The R language version of the "stuttering" Chinese participle, which supports the maximum probability method (Maximum probability), the implicit Markov model (Hidden Markov model), the index model (querysegment), the hybrid model (mixsegment), A total of four types of word segmentation, while there are POS tagging, keyword extraction, text simhash similarity comparison and other functions.
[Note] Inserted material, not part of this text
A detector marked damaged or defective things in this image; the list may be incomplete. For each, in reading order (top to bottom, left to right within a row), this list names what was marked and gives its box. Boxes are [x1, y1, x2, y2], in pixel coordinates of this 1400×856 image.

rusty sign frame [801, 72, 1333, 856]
The project was developed using Rcpp and Cppjieba.
Characteristics
-
supports Windows, Linux operating system (MAC not tested).
-
implement simultaneous loading of multiple word breakers via Rcpp modules You can use different word-breaker patterns and thesaurus, respectively.
-
supports multiple word segmentation modes, Chinese name recognition, keyword extraction, The functions of POS tagging and similarity comparison of text Simhash.
-
supports loading custom user thesaurus, setting word frequency, part of speech.
-
-
supports auto-judging encoding mode.
-
-
Installation is simple and requires no complex setup.
-
can be called by other languages, such as RPY2,JVMR.
-
based on the MIT Protocol.
Installation
Currently the package is not released to Cran and can be installed via GitHub. Windows systems need to install rtools, or you can download a binary package for installation:
?
1 2 |
library(devtools) install_github( "qinwf/jiebaR" ) |
Using the exampleWord segmentation
Jiebar provides four types of word breakers that can be jiebar()
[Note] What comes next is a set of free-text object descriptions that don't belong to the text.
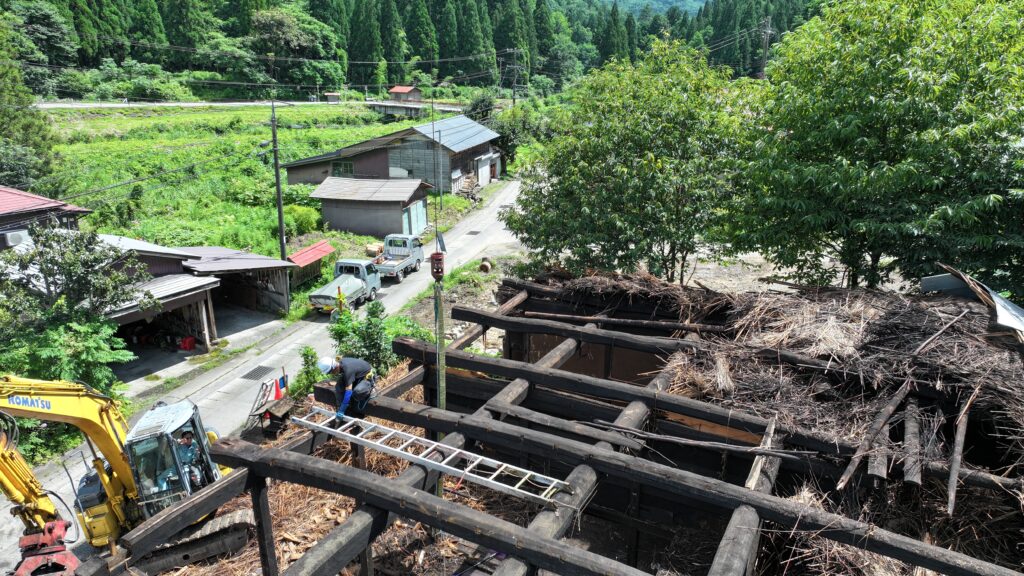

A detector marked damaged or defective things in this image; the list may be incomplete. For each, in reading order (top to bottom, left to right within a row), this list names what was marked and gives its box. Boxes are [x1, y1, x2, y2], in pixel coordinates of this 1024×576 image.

charred timber [452, 305, 700, 354]
charred timber [209, 438, 647, 573]
charred timber [366, 397, 1015, 573]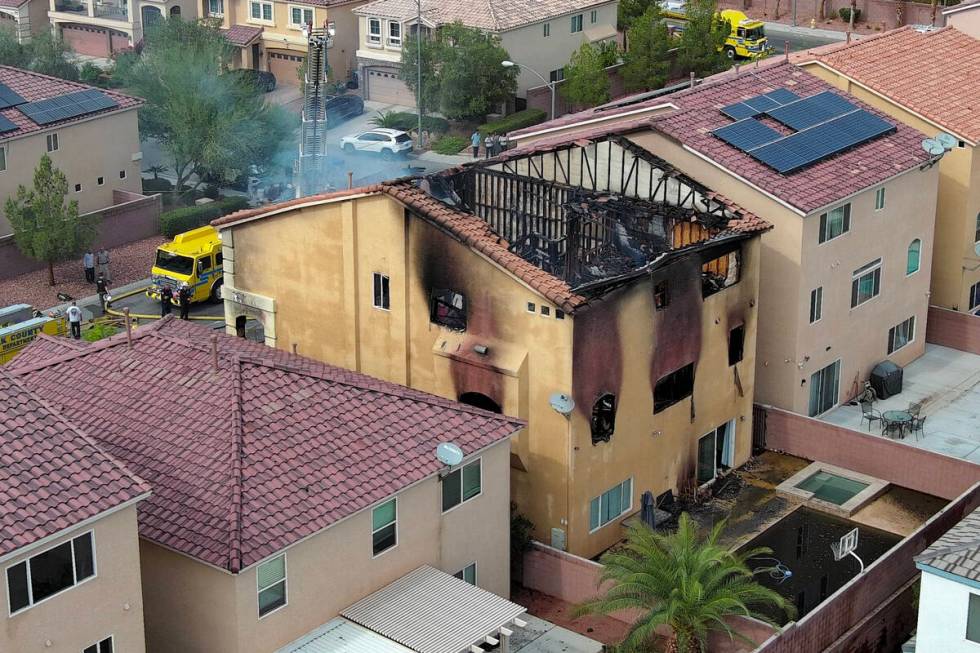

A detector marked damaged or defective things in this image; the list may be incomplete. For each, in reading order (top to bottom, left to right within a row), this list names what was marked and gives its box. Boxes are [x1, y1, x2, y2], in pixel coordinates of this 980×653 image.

broken window [700, 250, 740, 298]
burned window opening [430, 290, 466, 332]
broken window [430, 290, 468, 332]
burned house [218, 127, 768, 556]
broken window [728, 322, 744, 364]
broken window [656, 362, 692, 412]
burned window opening [656, 362, 692, 412]
broken window [588, 392, 612, 444]
burned window opening [588, 392, 612, 444]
used to initialize the word breaker by using the word breaker segment()
.
?
1 2 3 4 5 6 7 8 9 |
library(jiebaR) ## 接受默认参数,建立分词引擎 mixseg = worker() ## 相当于: ## jiebar( type = "mix", dict = "inst/dict/jieba.dict.utf8", ## hmm = "inst/dict/hmm_model.utf8", ### HMM模型数据 ## user = "inst/dict/user.dict.utf8") ### 用户自定义词库 mixseg <= "江州市长江大桥参加了长江大桥的通车仪式" ### <= 分词运算符 ## 相当于 segment( "江州市长江大桥参加了长江大桥的通车仪式" , mixseg ) |
?
1 2 |
[1] "江州" "市长" "江大桥" "参加" "了" "长江大桥" [7] "的" "通车" "仪式" |
Word breakers are supported for files:
?
1 2 |
mixseg <= "./temp.dat" ### 自动判断输入文件编码模式,默认文件输出在同目录下。 ## segment( "./temp.dat" , mixseg ) |
When you load the word breaker engine, you can customize the thesaurus path, and you can start different engines:
The maximum probability method (mpsegment), which is responsible for constructing the digraph and the dynamic programming algorithm according to the trie tree, is the core of the segmentation algorithm.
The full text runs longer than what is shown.